TASK -
Please repeat the data exactly. Any picture in it stays out.

[[ AVAILABLE DATA, beginning ]]

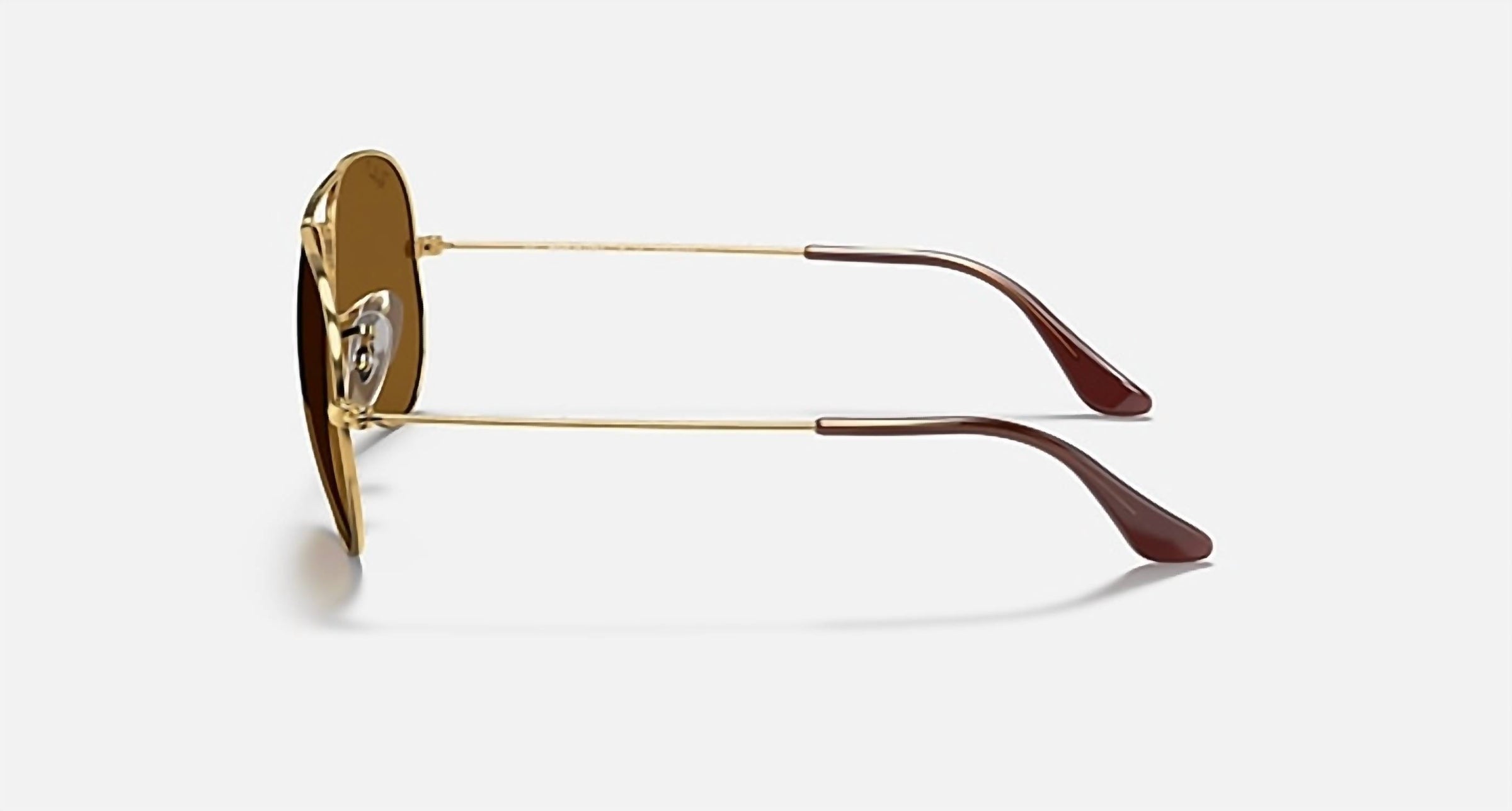 Ray Ban - Aviator Classic Medium Polarized Sunglasses Rb3025 001/57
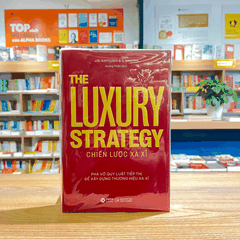 The luxury strategy - Chiến lược xa xỉ 349k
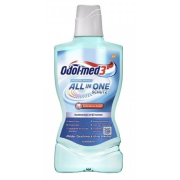 ODOL UV 500ml Frische minze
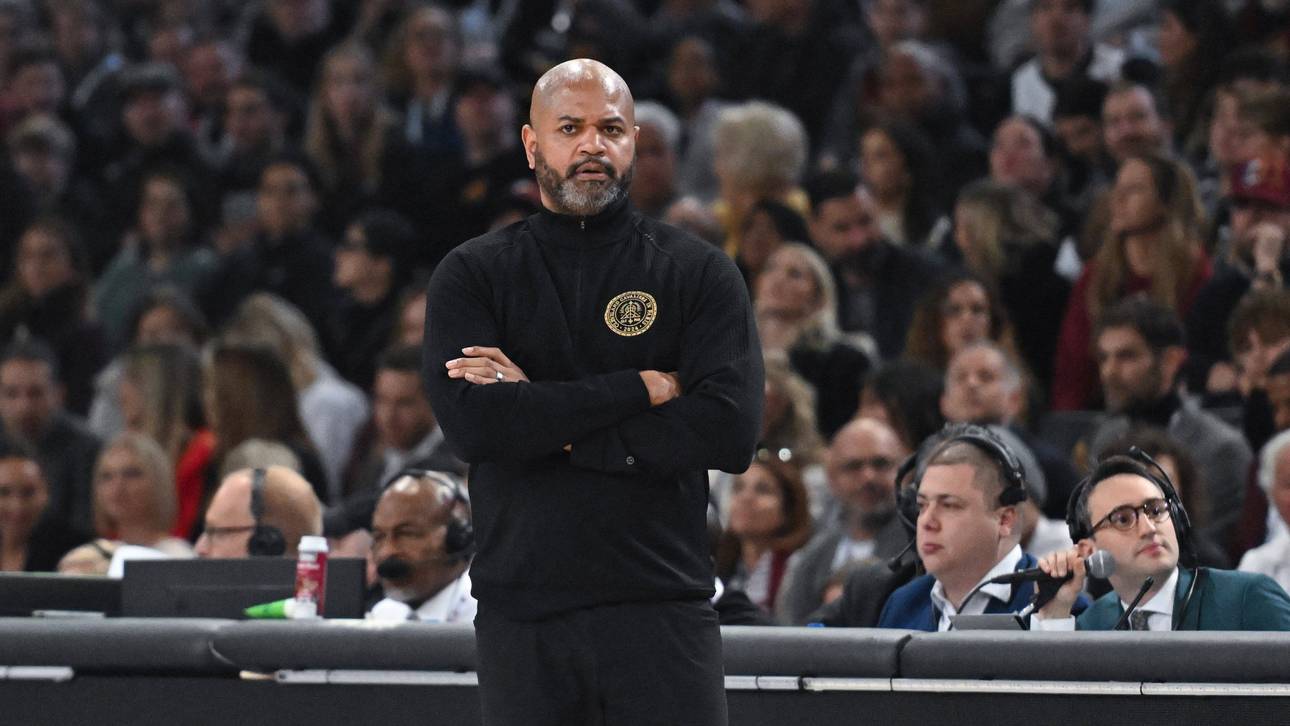 Schröder-Coach zu Unrecht am Pranger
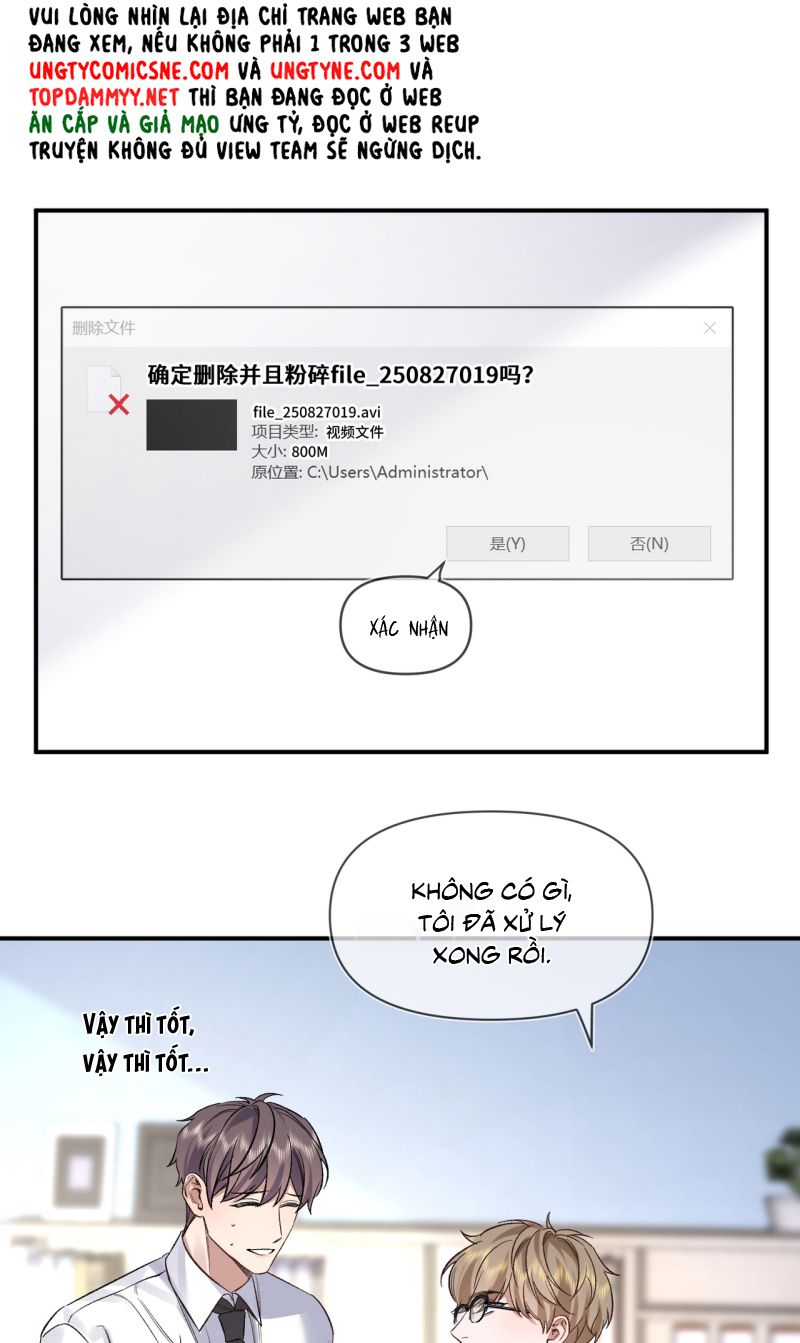 Ngày Và Đêm Chapter 10 - Trang 3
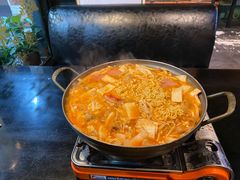 肥牛部队锅-炙韩料理·部队锅专门店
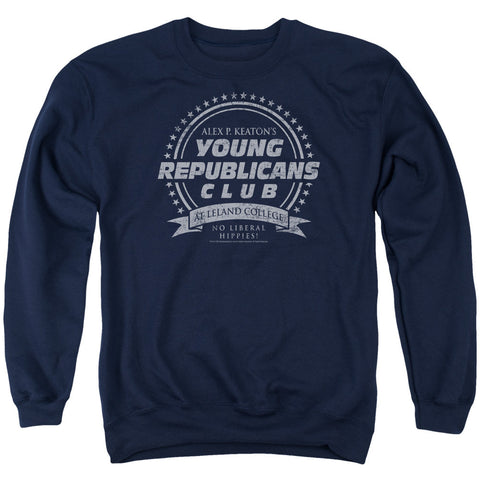 Adult Crewneck Sweatshirt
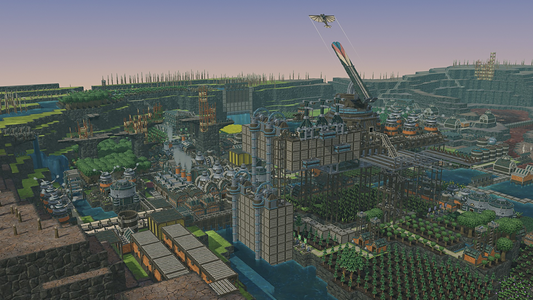 Timberborn - Early Access  for sale in Emirates from Games2all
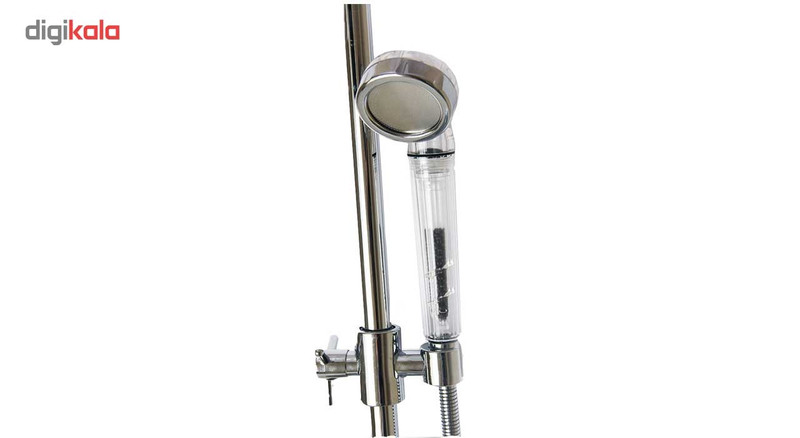 فیلتر سردوشی کم مصرف کالای خواب متین مدل Soban فیلتر سردوشی کم مصرف کالای خواب متین مدل Soban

[[ AVAILABLE DATA, end ]]

SOLUTION FOR THIS TASK -
 Ray Ban - Aviator Classic Medium Polarized Sunglasses Rb3025 001/57
 The luxury strategy - Chiến lược xa xỉ 349k
 ODOL UV 500ml Frische minze
 Schröder-Coach zu Unrecht am Pranger
 Ngày Và Đêm Chapter 10 - Trang 3
 肥牛部队锅-炙韩料理·部队锅专门店
 Adult Crewneck Sweatshirt
 Timberborn - Early Access  for sale in Emirates from Games2all
 فیلتر سردوشی کم مصرف کالای خواب متین مدل Soban فیلتر سردوشی کم مصرف کالای خواب متین مدل Soban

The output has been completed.